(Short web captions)
########

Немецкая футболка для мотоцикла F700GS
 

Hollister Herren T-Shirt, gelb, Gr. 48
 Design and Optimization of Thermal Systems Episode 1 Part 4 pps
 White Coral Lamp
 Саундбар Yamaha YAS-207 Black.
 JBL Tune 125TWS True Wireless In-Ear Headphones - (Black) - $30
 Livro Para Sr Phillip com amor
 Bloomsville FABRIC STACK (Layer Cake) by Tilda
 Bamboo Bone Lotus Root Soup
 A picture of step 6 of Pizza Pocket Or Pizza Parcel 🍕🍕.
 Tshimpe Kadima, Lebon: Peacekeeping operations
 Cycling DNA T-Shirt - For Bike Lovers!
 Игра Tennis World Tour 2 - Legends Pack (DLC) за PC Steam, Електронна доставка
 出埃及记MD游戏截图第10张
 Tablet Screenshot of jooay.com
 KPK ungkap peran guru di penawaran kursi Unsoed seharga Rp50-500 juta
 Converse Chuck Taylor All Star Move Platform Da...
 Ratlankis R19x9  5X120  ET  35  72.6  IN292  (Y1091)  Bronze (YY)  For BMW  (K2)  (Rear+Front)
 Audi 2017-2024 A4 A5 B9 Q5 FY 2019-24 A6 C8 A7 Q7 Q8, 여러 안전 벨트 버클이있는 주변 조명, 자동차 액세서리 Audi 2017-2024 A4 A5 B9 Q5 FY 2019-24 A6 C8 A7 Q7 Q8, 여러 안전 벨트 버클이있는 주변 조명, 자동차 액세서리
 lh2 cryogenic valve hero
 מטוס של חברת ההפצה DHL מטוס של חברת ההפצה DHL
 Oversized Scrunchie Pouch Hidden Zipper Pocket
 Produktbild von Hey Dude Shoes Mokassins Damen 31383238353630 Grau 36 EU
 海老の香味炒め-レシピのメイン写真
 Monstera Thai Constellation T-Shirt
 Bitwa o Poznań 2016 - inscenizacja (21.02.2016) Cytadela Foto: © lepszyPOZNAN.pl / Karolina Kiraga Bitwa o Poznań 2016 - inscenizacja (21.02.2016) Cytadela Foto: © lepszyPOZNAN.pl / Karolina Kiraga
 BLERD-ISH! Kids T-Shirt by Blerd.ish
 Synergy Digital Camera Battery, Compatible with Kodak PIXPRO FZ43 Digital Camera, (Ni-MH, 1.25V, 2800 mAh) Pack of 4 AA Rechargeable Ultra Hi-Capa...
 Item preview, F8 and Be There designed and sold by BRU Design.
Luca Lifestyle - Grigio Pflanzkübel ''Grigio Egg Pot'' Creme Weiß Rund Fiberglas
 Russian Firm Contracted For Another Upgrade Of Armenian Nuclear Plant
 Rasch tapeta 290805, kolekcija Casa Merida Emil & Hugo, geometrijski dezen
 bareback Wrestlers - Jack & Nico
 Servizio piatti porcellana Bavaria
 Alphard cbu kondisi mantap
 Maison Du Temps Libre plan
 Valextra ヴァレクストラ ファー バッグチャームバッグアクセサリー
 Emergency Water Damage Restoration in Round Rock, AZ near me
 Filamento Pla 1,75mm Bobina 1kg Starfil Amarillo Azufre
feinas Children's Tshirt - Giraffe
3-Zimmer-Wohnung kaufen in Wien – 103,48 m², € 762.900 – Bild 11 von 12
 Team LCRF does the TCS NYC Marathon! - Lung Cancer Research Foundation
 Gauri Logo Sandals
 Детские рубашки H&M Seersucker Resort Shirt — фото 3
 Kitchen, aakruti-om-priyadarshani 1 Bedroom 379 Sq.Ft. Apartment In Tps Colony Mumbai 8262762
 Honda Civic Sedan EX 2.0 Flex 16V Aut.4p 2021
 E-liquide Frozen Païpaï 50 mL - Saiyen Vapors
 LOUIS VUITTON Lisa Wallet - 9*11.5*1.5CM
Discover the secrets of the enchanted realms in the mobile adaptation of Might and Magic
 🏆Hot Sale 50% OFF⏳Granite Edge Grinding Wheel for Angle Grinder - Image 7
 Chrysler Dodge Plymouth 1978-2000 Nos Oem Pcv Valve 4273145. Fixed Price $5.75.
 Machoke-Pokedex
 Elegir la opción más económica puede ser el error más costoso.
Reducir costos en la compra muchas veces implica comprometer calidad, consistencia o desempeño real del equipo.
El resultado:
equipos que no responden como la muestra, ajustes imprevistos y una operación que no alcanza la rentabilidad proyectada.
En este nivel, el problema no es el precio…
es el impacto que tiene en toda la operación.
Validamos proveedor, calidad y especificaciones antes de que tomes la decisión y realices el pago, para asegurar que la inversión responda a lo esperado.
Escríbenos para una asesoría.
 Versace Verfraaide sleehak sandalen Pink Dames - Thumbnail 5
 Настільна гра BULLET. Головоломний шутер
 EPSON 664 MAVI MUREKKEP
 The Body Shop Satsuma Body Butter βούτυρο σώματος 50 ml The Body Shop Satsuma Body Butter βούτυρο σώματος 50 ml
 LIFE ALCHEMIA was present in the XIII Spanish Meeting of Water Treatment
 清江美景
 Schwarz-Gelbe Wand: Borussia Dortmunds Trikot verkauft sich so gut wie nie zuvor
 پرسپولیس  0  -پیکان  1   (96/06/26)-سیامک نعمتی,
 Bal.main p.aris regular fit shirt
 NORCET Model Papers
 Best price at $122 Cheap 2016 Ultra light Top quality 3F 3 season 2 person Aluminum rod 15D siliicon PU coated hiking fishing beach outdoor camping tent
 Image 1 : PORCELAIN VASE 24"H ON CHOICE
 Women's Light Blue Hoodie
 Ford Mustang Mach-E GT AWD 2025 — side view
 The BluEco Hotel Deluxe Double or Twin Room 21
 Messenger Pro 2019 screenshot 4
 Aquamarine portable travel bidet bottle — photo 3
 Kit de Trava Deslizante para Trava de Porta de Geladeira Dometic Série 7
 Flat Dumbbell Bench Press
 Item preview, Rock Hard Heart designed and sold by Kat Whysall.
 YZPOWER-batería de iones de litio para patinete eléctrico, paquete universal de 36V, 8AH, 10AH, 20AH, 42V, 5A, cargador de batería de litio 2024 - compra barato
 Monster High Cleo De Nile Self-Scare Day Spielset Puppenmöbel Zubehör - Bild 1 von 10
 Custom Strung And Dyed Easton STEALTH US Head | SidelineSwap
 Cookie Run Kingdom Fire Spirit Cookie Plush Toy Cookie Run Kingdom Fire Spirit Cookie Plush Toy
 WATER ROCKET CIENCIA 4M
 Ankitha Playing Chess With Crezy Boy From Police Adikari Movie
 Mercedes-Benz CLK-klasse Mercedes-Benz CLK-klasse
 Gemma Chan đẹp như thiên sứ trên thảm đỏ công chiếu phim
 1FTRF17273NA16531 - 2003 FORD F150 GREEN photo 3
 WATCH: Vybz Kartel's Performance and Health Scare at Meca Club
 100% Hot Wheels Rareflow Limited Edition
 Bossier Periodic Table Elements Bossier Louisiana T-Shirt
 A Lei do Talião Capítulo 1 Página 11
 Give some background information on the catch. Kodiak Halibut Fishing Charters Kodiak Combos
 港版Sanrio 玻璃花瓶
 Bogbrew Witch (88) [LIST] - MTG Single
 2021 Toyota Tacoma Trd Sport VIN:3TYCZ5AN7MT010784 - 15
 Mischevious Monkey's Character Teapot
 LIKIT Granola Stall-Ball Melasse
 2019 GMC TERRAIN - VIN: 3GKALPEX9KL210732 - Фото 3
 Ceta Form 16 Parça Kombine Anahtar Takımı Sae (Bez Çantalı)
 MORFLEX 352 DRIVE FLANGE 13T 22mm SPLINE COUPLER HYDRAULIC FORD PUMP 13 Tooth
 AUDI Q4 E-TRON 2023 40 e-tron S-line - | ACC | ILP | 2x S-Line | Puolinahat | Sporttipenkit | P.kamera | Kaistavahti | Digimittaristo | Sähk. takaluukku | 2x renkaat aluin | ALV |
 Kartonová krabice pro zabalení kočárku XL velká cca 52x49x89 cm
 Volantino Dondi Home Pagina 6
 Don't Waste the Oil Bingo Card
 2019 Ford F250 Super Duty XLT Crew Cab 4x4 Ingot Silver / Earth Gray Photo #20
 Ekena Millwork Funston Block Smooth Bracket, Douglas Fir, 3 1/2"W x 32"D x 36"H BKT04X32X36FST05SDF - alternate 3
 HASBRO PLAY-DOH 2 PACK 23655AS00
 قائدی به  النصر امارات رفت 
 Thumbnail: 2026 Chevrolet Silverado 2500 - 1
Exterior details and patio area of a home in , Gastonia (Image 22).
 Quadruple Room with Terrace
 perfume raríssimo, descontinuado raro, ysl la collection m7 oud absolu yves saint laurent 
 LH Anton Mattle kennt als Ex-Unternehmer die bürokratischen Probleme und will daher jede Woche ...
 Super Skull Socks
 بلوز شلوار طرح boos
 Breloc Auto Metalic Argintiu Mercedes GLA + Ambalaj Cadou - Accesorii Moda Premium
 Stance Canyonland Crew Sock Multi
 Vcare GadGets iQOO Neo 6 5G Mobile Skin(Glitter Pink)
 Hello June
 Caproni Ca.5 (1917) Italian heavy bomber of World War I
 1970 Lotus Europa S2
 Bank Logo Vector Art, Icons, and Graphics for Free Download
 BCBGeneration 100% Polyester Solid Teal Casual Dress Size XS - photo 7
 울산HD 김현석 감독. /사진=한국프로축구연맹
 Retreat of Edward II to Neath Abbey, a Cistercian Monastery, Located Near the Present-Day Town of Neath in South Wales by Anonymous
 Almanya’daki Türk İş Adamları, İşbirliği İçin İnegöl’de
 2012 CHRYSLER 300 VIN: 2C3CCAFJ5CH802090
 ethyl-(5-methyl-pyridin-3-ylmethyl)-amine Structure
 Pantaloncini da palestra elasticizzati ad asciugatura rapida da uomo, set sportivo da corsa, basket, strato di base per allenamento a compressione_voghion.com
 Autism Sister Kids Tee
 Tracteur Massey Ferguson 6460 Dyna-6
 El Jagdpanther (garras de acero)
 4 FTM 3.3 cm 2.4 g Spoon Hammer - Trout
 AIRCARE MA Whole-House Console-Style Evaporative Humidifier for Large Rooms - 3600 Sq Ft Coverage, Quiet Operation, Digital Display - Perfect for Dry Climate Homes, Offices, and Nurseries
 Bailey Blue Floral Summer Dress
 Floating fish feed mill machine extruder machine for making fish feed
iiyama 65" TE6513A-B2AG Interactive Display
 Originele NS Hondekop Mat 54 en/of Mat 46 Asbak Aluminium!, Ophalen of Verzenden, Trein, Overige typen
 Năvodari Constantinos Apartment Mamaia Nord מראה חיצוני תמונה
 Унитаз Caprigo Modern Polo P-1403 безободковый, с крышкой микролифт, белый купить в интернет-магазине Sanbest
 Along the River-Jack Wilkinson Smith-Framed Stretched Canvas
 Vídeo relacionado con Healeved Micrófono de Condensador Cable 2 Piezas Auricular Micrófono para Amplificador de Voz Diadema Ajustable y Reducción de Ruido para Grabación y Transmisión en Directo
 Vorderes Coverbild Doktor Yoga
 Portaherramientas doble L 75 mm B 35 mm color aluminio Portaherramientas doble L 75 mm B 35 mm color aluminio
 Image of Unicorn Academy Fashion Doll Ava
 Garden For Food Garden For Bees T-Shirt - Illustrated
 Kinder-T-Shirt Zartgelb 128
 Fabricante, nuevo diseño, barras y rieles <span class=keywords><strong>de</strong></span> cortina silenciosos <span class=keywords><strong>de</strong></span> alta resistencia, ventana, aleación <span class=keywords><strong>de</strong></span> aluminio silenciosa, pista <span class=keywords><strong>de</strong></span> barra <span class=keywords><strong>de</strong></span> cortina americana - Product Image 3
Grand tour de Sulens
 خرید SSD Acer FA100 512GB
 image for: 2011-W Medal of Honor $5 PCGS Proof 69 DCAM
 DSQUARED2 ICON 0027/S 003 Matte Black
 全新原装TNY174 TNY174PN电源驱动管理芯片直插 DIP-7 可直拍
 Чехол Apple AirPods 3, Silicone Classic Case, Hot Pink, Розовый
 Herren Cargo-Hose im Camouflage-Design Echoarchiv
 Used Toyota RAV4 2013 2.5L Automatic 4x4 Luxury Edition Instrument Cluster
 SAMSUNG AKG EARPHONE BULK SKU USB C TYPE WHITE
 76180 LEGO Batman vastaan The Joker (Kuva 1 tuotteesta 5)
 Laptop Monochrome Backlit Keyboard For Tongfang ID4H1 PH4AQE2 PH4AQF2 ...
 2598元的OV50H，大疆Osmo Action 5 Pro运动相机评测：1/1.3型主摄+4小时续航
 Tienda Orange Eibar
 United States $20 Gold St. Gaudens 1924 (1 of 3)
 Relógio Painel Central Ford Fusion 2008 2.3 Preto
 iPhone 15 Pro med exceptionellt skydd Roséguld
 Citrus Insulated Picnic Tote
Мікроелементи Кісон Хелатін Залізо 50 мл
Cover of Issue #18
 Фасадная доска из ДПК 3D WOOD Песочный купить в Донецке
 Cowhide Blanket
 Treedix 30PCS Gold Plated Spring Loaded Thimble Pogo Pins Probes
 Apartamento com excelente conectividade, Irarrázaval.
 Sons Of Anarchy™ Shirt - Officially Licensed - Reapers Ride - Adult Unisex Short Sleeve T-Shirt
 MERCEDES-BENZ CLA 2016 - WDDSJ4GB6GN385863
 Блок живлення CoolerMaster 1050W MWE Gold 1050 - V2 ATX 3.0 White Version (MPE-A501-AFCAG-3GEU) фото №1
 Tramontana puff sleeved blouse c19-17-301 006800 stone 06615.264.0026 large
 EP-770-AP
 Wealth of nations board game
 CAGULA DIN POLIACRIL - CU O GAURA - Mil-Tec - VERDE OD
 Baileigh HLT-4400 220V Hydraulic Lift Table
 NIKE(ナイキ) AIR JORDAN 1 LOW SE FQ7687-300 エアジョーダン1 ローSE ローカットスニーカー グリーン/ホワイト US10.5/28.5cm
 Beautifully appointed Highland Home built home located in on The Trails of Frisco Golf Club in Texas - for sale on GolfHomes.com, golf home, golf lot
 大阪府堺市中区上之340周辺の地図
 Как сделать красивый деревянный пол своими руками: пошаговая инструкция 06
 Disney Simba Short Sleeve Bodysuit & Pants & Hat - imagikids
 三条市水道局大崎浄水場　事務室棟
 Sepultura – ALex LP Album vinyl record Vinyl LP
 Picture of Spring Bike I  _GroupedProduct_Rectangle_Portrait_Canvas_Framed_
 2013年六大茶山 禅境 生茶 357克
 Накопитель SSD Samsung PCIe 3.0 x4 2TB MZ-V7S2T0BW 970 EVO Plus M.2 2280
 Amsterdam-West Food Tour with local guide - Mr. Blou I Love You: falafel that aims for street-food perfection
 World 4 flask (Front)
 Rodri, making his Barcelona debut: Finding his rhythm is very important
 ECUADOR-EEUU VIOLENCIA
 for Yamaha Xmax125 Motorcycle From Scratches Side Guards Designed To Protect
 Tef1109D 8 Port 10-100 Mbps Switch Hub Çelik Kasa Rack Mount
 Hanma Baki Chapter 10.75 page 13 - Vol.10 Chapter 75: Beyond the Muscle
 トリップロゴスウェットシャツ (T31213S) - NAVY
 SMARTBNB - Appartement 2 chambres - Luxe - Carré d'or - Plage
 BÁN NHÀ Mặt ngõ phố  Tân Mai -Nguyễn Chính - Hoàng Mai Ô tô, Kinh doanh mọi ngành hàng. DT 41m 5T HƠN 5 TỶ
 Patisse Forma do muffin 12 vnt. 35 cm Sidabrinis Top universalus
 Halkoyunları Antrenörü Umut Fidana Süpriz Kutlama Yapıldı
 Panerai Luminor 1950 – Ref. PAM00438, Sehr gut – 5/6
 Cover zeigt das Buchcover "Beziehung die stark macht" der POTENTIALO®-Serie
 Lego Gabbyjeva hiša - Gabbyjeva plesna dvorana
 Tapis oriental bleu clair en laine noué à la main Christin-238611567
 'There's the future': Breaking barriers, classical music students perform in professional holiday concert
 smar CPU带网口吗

########

_WHAT YOU ARE ASKED TO DO_. Please return the lines above that run from the line containing "Мікроелементи Кісон Хелатін Залізо 50 мл" to the line containing "CAGULA DIN POLIACRIL", inclusive, exactly and with no other lines.

_ANSWER TO THIS PROBLEM_.
Мікроелементи Кісон Хелатін Залізо 50 мл
Cover of Issue #18
 Фасадная доска из ДПК 3D WOOD Песочный купить в Донецке
 Cowhide Blanket
 Treedix 30PCS Gold Plated Spring Loaded Thimble Pogo Pins Probes
 Apartamento com excelente conectividade, Irarrázaval.
 Sons Of Anarchy™ Shirt - Officially Licensed - Reapers Ride - Adult Unisex Short Sleeve T-Shirt
 MERCEDES-BENZ CLA 2016 - WDDSJ4GB6GN385863
 Блок живлення CoolerMaster 1050W MWE Gold 1050 - V2 ATX 3.0 White Version (MPE-A501-AFCAG-3GEU) фото №1
 Tramontana puff sleeved blouse c19-17-301 006800 stone 06615.264.0026 large
 EP-770-AP
 Wealth of nations board game
 CAGULA DIN POLIACRIL - CU O GAURA - Mil-Tec - VERDE OD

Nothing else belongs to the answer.